Rosemary Stuffed Leg of Pork
Prep Time: 3 Hours
Yields: 6-8 Servings


The fresh pork ham has been a tradition on the New Year's Day table for generations in Louisiana. Normally, the ham is stuffed with fresh seasonings and spices prior to roasting. Various fruits and glazes may be added during baking to enhance this delicious holiday centerpiece.

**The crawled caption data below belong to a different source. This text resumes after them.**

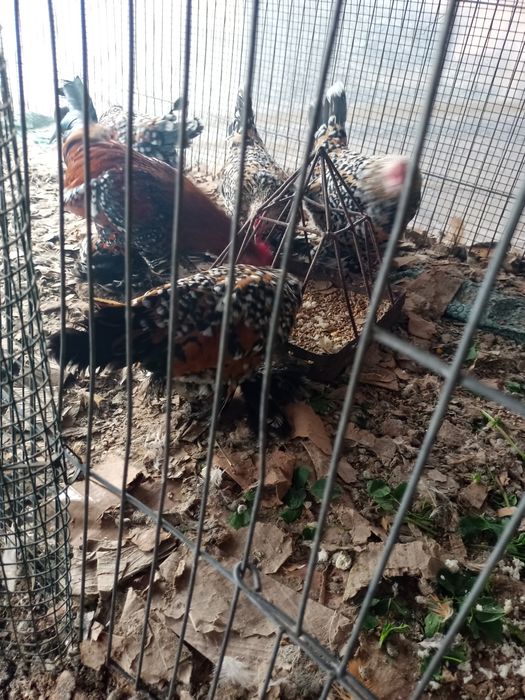 Gaini pitice mi de flori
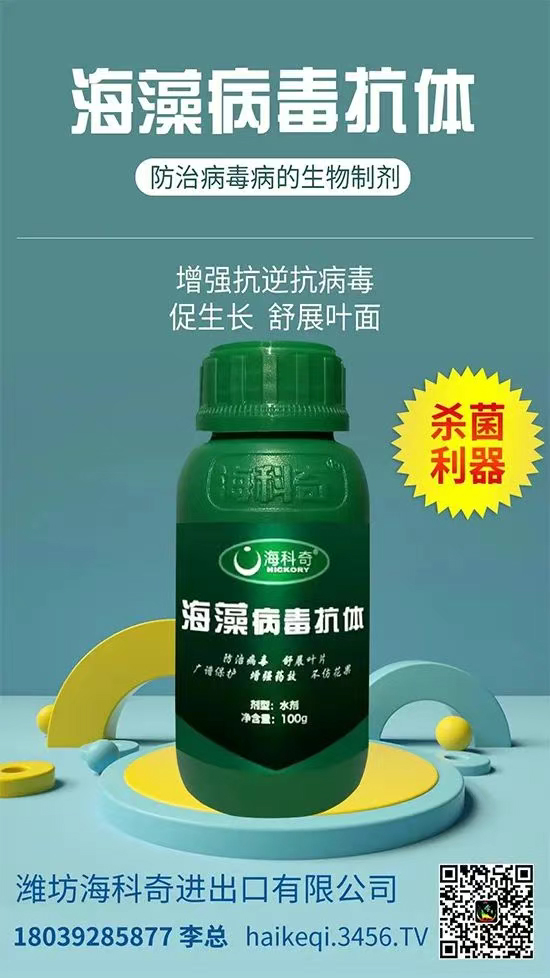 娴风濂?.jpg 娴风濂?.jpg
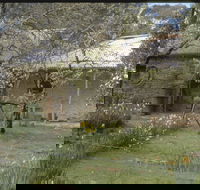 Castlemaine Diggings National Heritage Park - Darwin Tourism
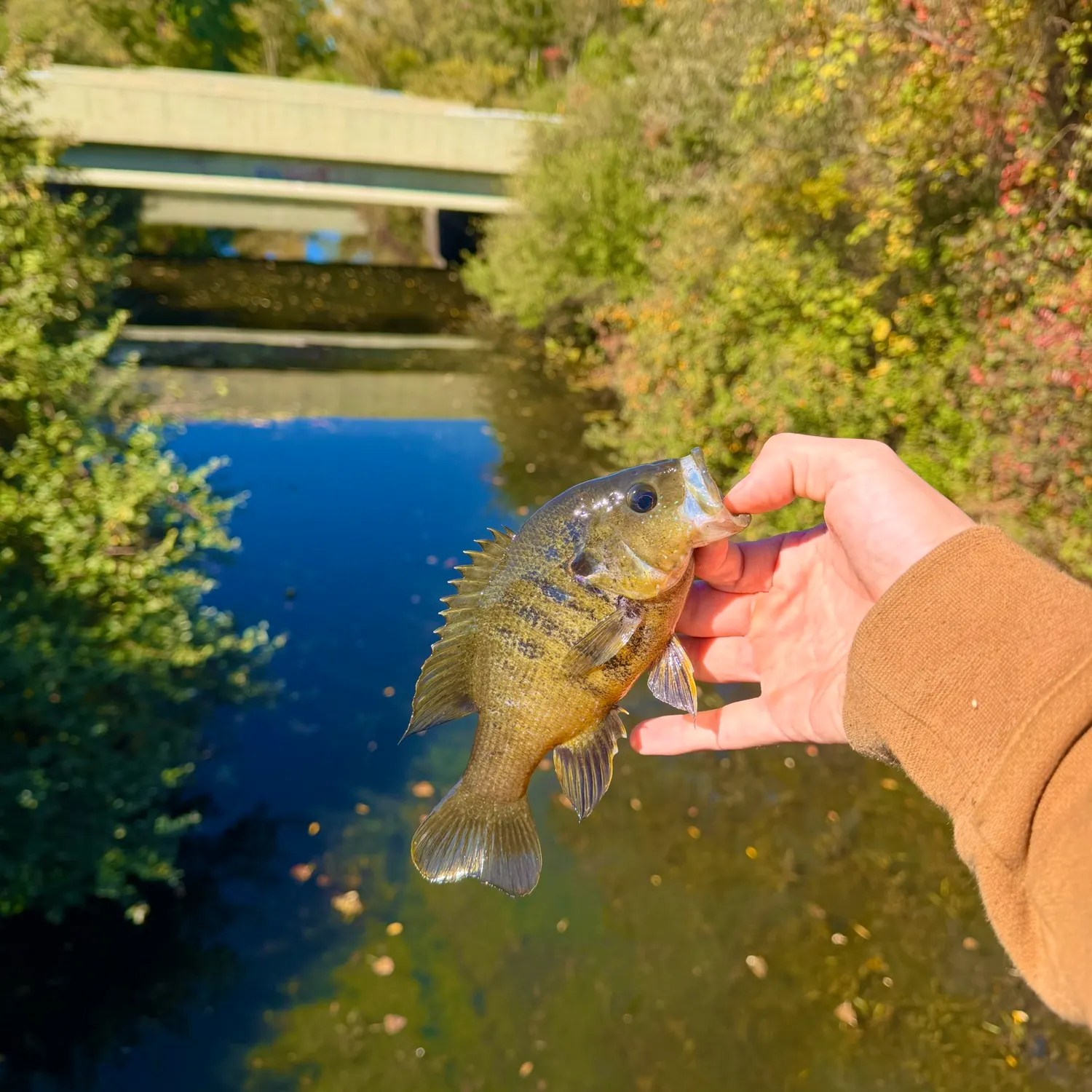 Green sunfish caught on Fishbrain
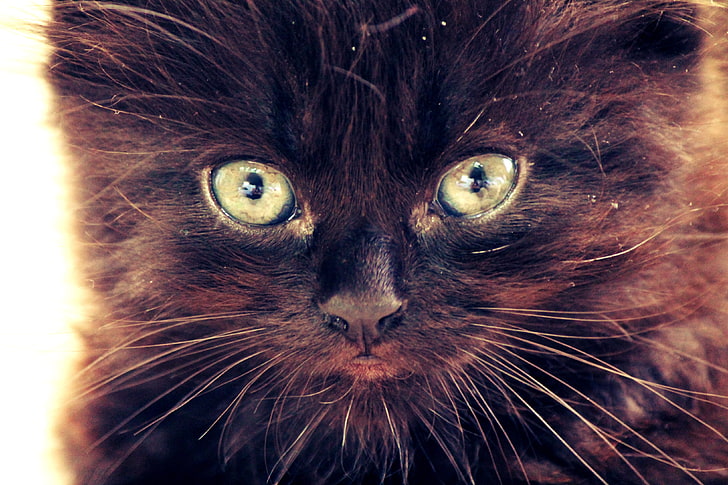 brown cat, black cats, Taka, closeup, green eyes, domestic Cat, HD wallpaper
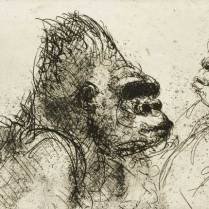 "Talking Gorilla," etching © Bruce Waldman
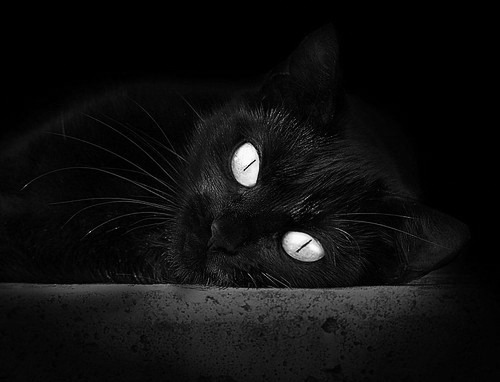 华体会体育-幽灵助攻，当佩德里出现在秘巴之战  第2张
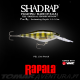 Amostra Rapala Shad Rap 07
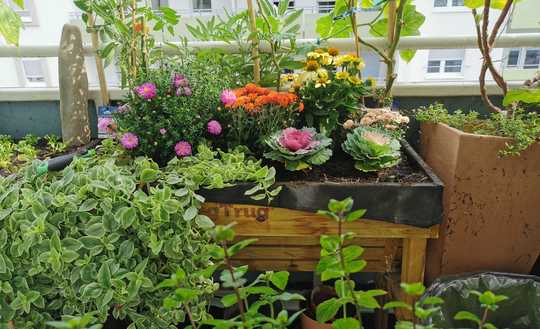 Von Privat: Helle Wohnung in Ludwigshafen-Süd - Gartenidylle mitten in der Stadt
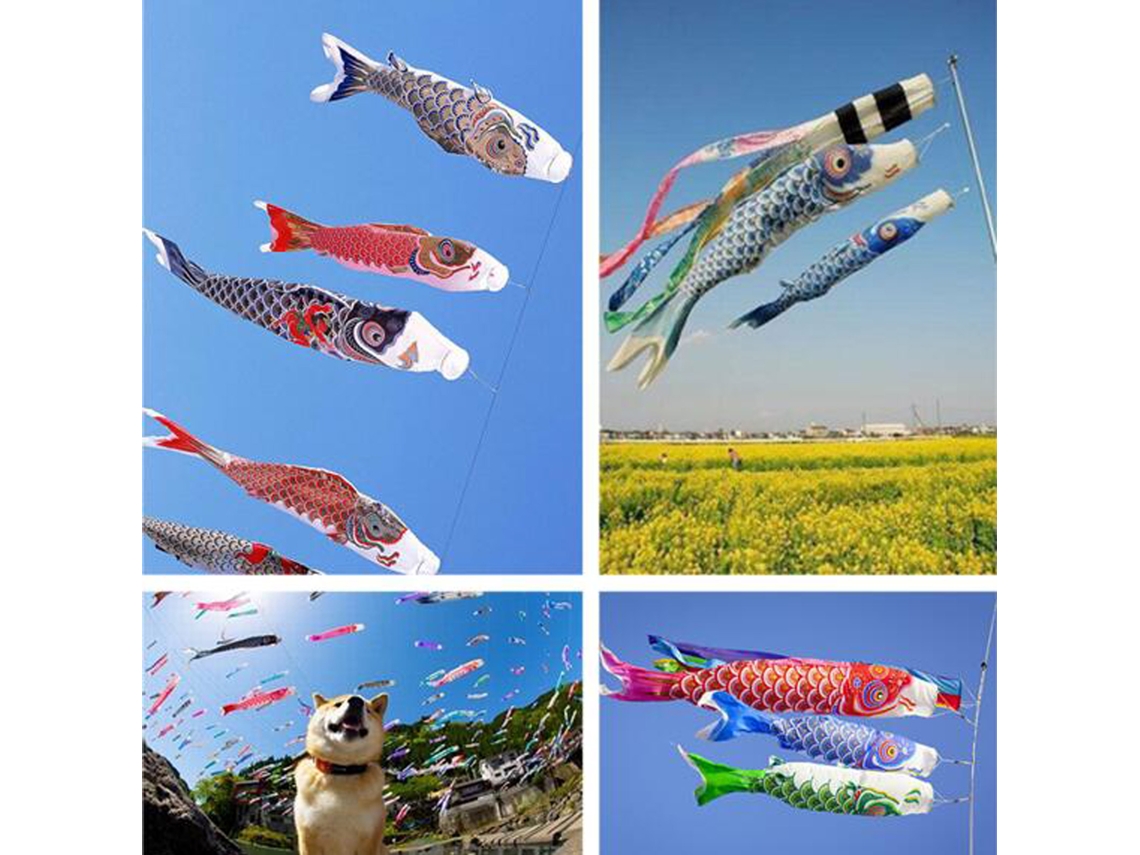 3m Blue Koi Nobori Eoocoo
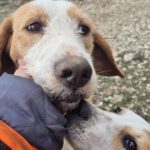 Mischling Sötje, 10/2022, ca. 50 cm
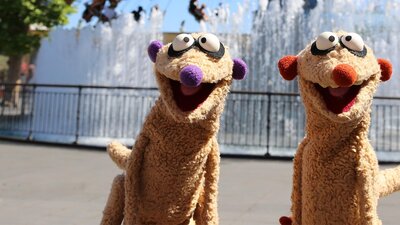 Ein Fall für die Erdmännchen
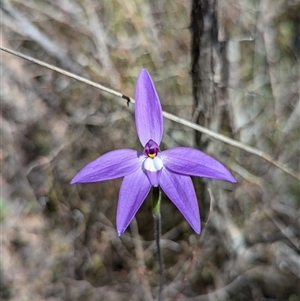 Glossodia major at Greenway, ACT - 27 Sep 2024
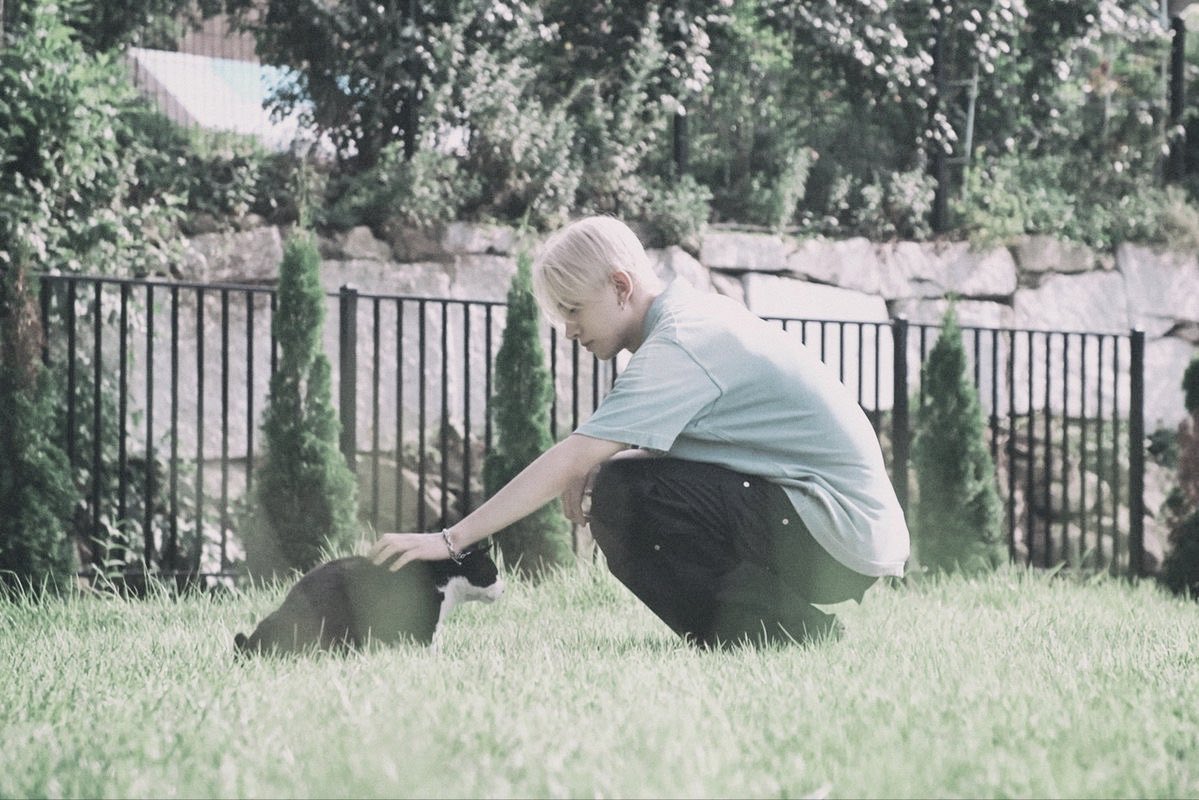 ₊˚⊹⋆ 𝐽𝐽𝑆 ♡₊˚ ft. 𝗘𝗡𝗛𝗬𝗣𝗘𝗡 𝗜𝗦 𝟳 tweet media
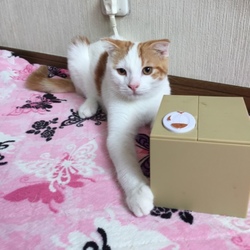 はまってます
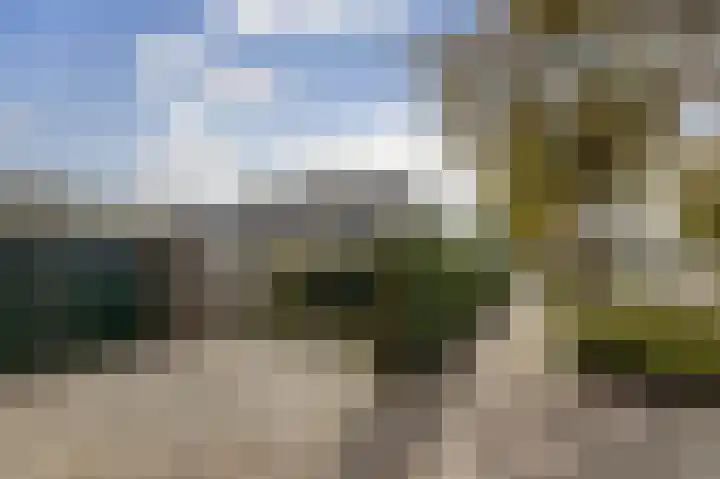 Horscamp 23 Harlingen thumbnail 33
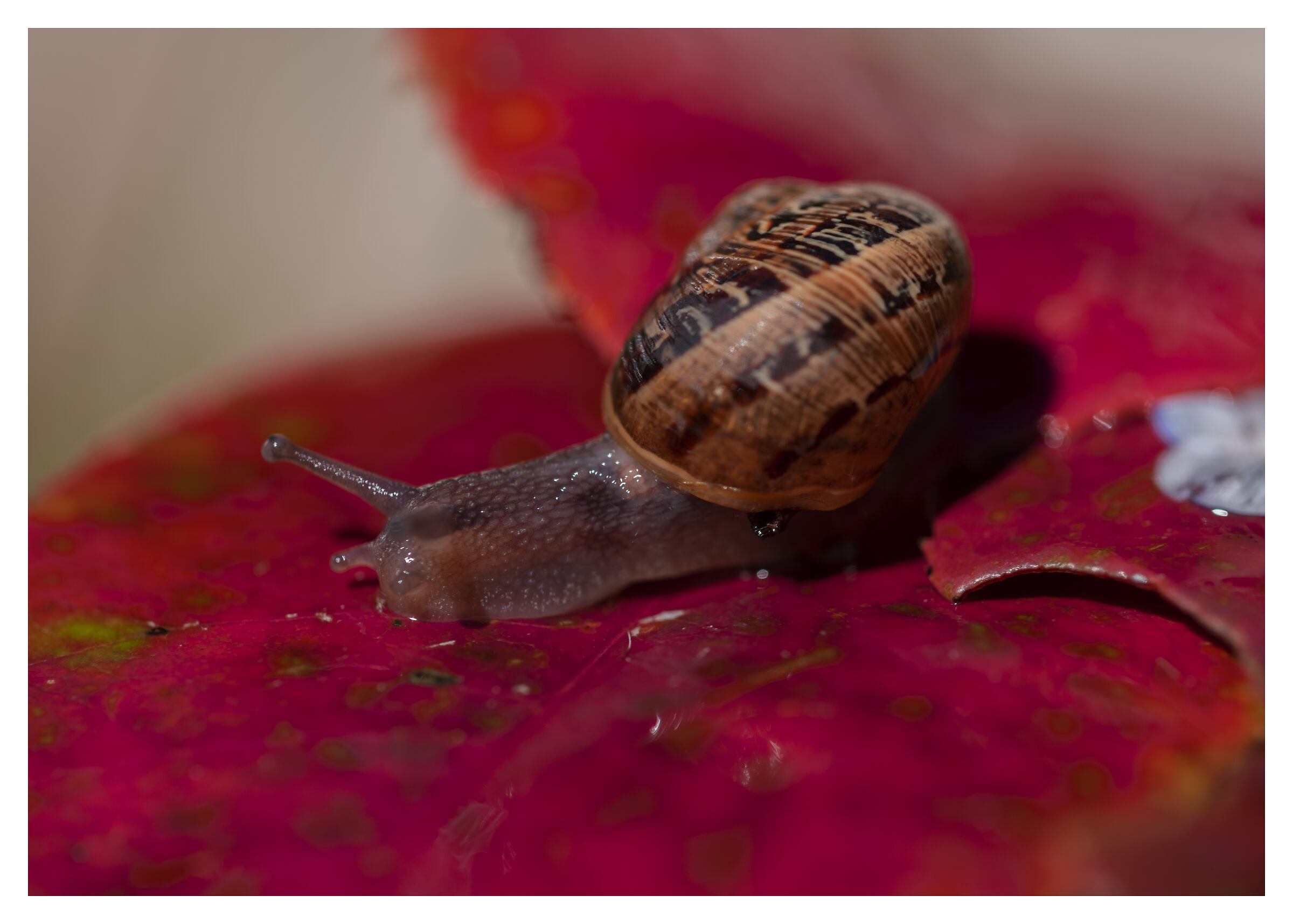 Mi faccio un giretto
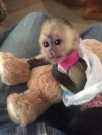 Much needed baby capuchin monkeys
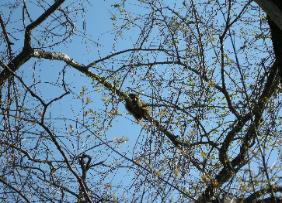 Good forest management can include creating opportunities for forest landowners to see an abundance of wildlife in and near their forest.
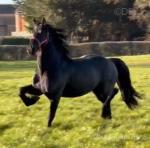 Friesian x Filly Foal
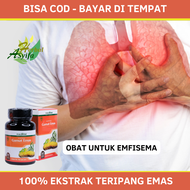 Obat Emfisema Obat Herbal Emfisema Obat Emfisema Paru Sesak Napas Asma Bronkial Pneumonia dengan Gam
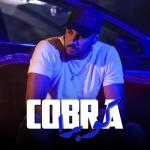 album image Cobra Cobra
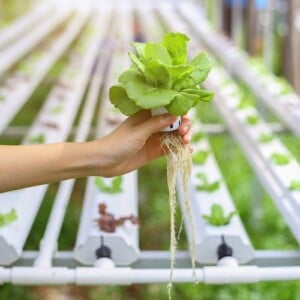 hydrokultur pflanzen leitfaden hydroponik gartenbau hydroponische systeme kulturen pflanzenanbau vorteile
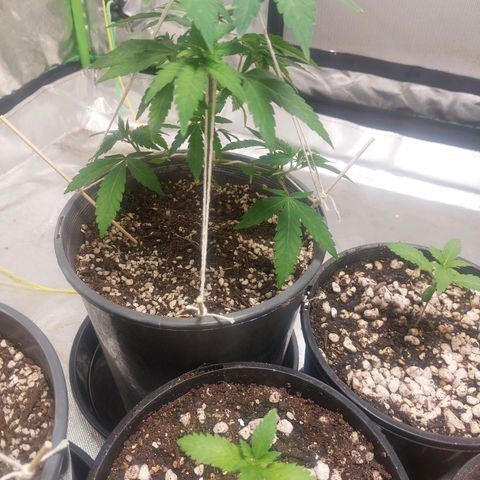 Purple Punch growlog timeline photo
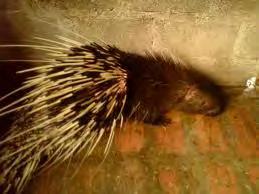Prefered habitat Porcupines occupy a range of habitats in tropical and temperate parts.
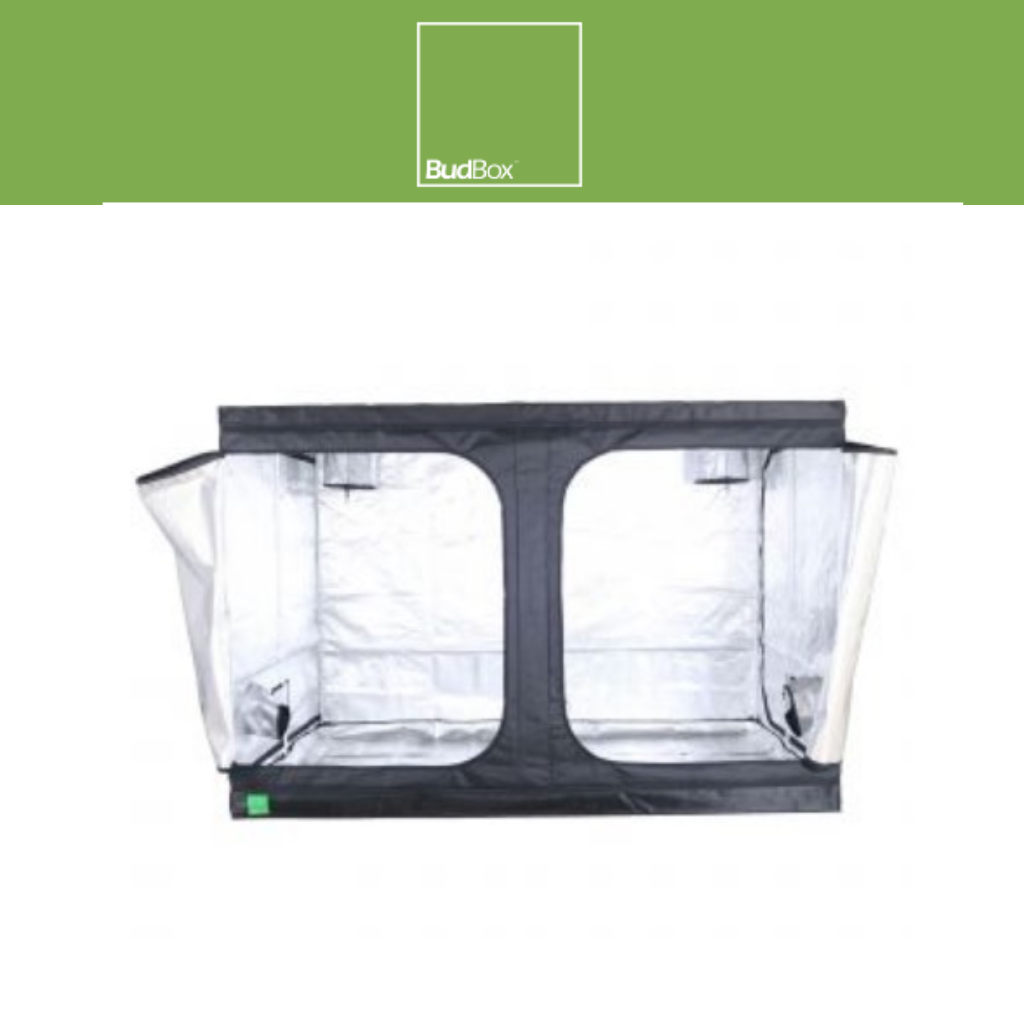 BudBox-Lite Tent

1 (5-7 pound) fresh pork ham
1/2 cup chopped rosemary
1/4 cup chopped thyme
1/4 cup chopped basil
1/4 cup chopped sage
1/2 cup chopped green onions
1/2 cup chopped parsley
1/2 cup minced garlic
1/2 cup melted butter
3 apples, quartered
1 large onion, quartered
10 garlic cloves
salt and cracked black pepper to taste
Louisiana hot sauce to taste

Preheat oven to 375ºF. Have your butcher remove the heavy skin covering the outer portion of the leg. You may wish to remove the lower portion of the shank to ensure that the roast will fit in a home-style oven. Using a sharp paring knife, cut approximately 15-20 (1-inch) slits throughout the roast. In a small mixing bowl, combine rosemary, thyme, basil, sage, green onions, parsley and garlic. Season the mixture generously with salt and pepper. Blend all ingredients well and stuff a generous portion of the seasoning mixture into each slit. Place the roast in a large baking pan and drizzle with melted butter. Coat the roast with remaining seasoning mixture. Surround with apples, onions and garlic. Sprinkle the entire roast with additional salt, pepper and hot sauce. Cover with foil and bake approximately 2½ hours, until internal temperature reaches 145ºF. Remove cover and allow roast to brown until internal temperature reaches 165-170ºF. Allow to sit 30 minutes prior to slicing.